- **What this task involves**
Set the listing down again exactly, please, apart from its pictures.
--- Dataset extract Enclosed Below ---
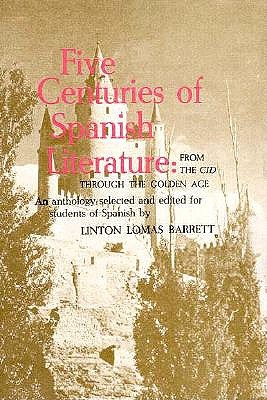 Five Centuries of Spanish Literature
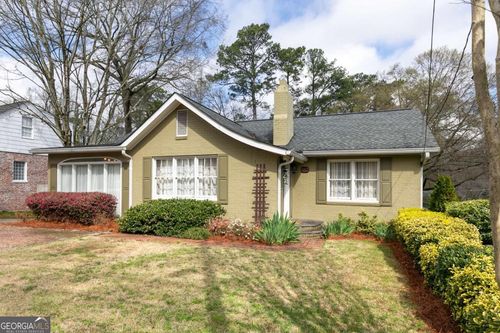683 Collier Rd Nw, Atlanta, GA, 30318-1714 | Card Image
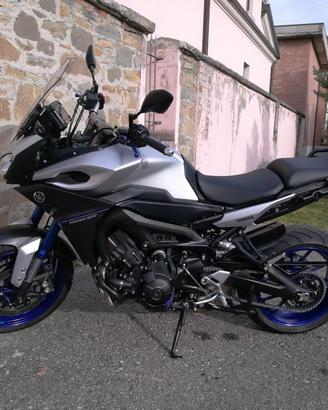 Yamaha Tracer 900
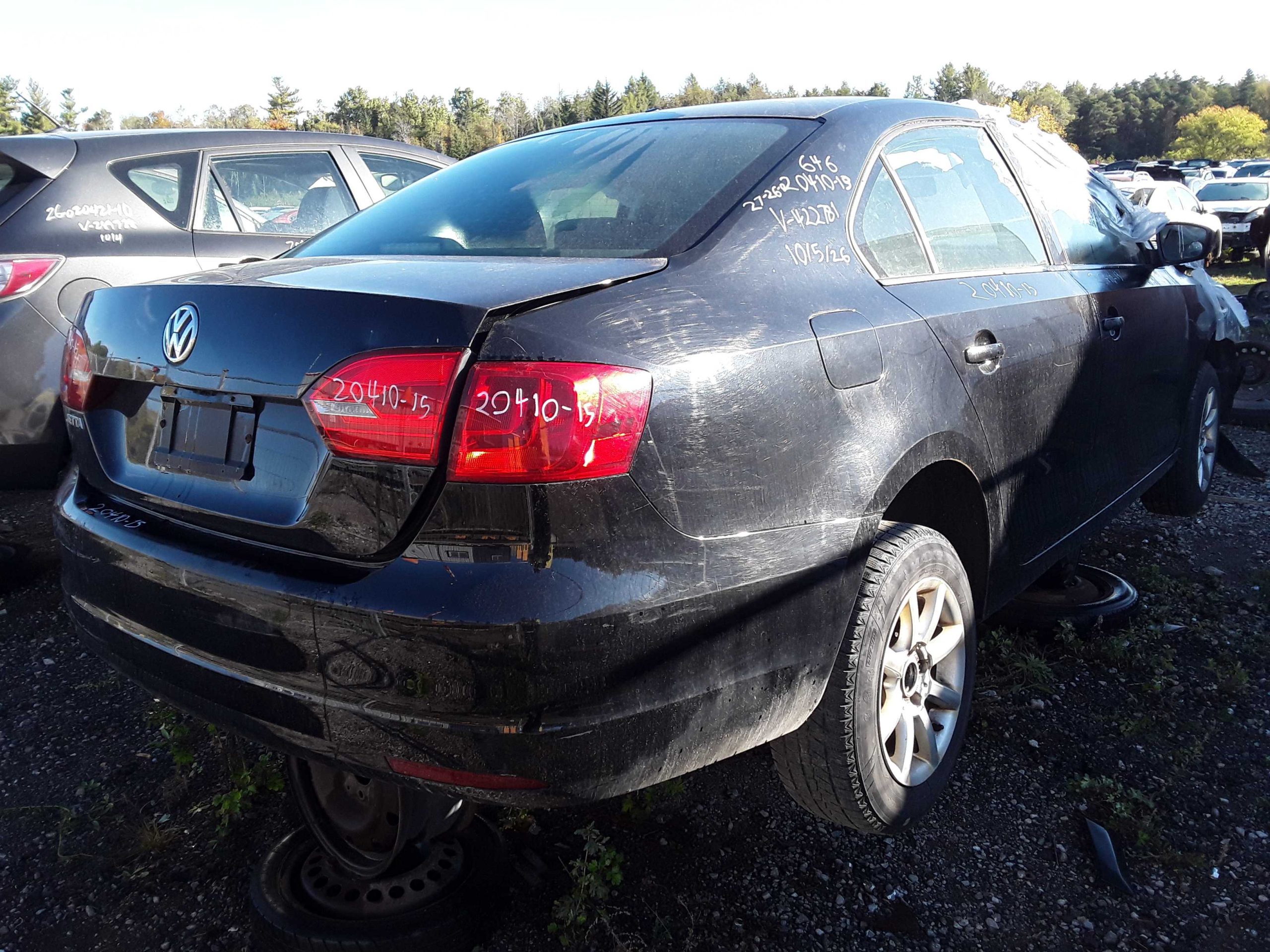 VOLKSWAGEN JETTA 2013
--- End of Enclosed Dataset extract ---
- **The completed task**
 Five Centuries of Spanish Literature
683 Collier Rd Nw, Atlanta, GA, 30318-1714 | Card Image
 Yamaha Tracer 900
 VOLKSWAGEN JETTA 2013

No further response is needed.